PROBLEM: Starting at the line with "view of property", retype every remaining line of the records exactly. Do not include pictures.

THE DATA:
#####
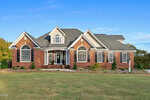 A large, two-story brick house with white trim, multiple arched windows, a gray shingled roof, and a manicured lawn, set against a blue sky and trees in the background.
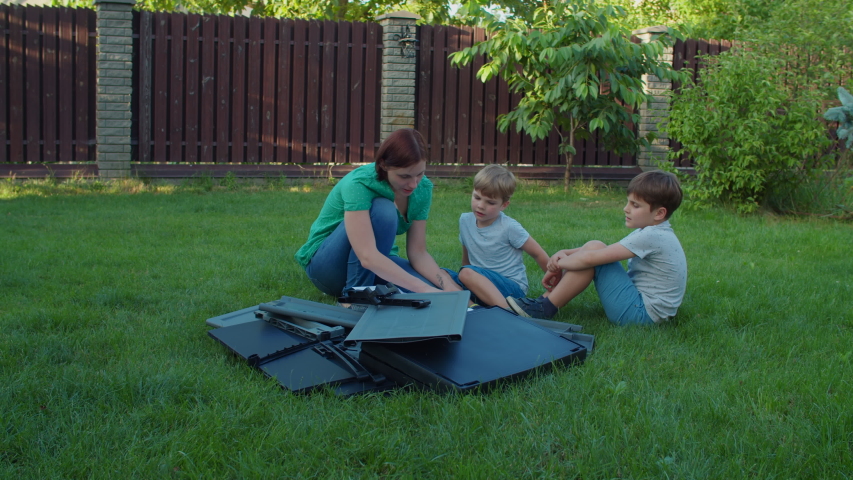 Family of young single mother and two kids assembles furniture with instruction in backyard on sunny day. Happy family weekend activities outdoors. Slow motion, steadicam shot.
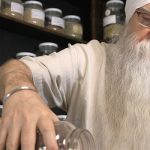 Instructor KP Khalsa stands in herbalism storeroom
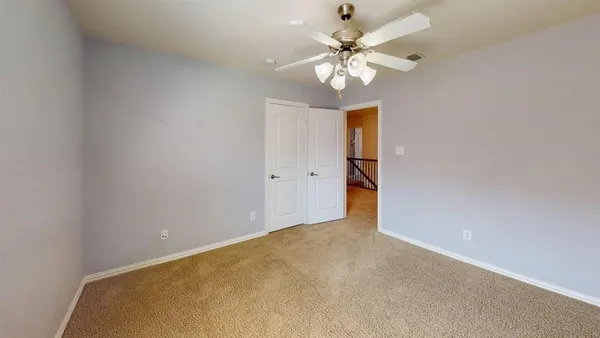 a view of an empty room with a chandelier fan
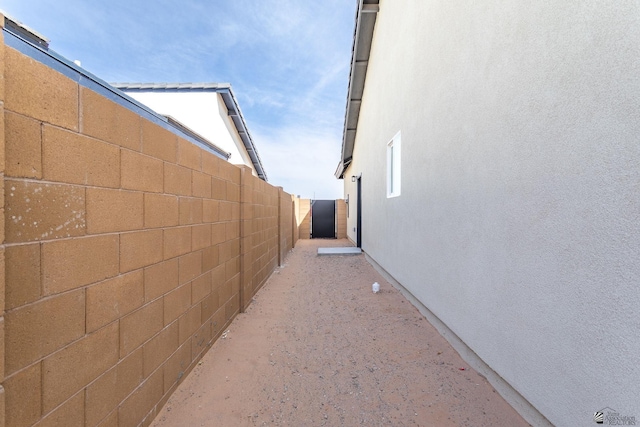 view of property exterior with fence and stucco siding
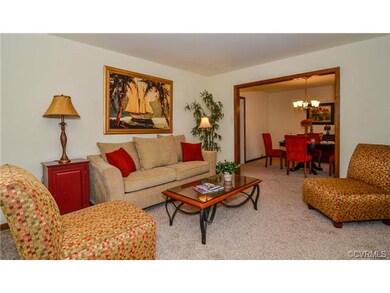 Formal living room with new carpet, fresh paint. T
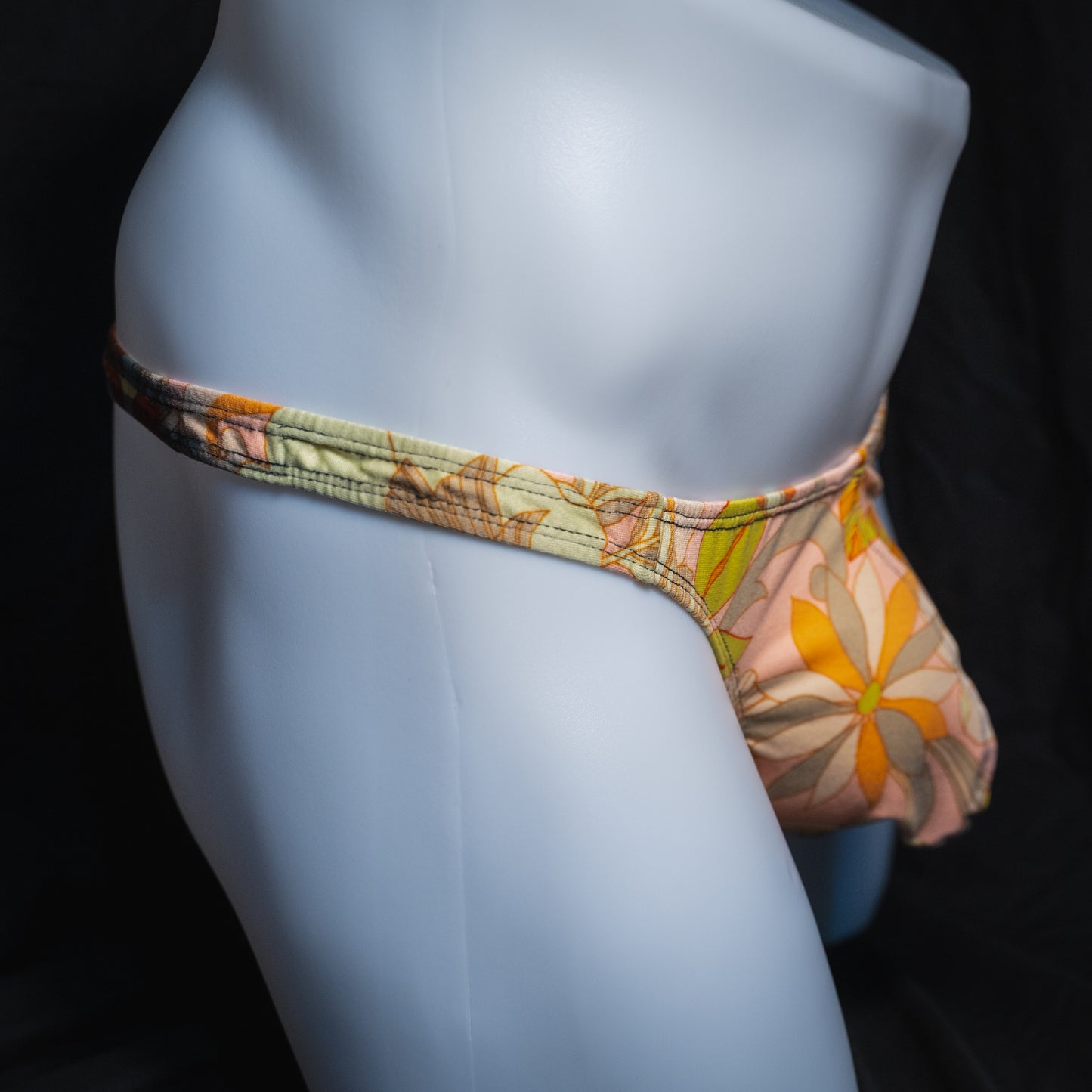 Men's vintage floral thong, classic cut, side view.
#####
RESULT OF THE EXERCISE:
 view of property exterior with fence and stucco siding
 Formal living room with new carpet, fresh paint. T
 Men's vintage floral thong, classic cut, side view.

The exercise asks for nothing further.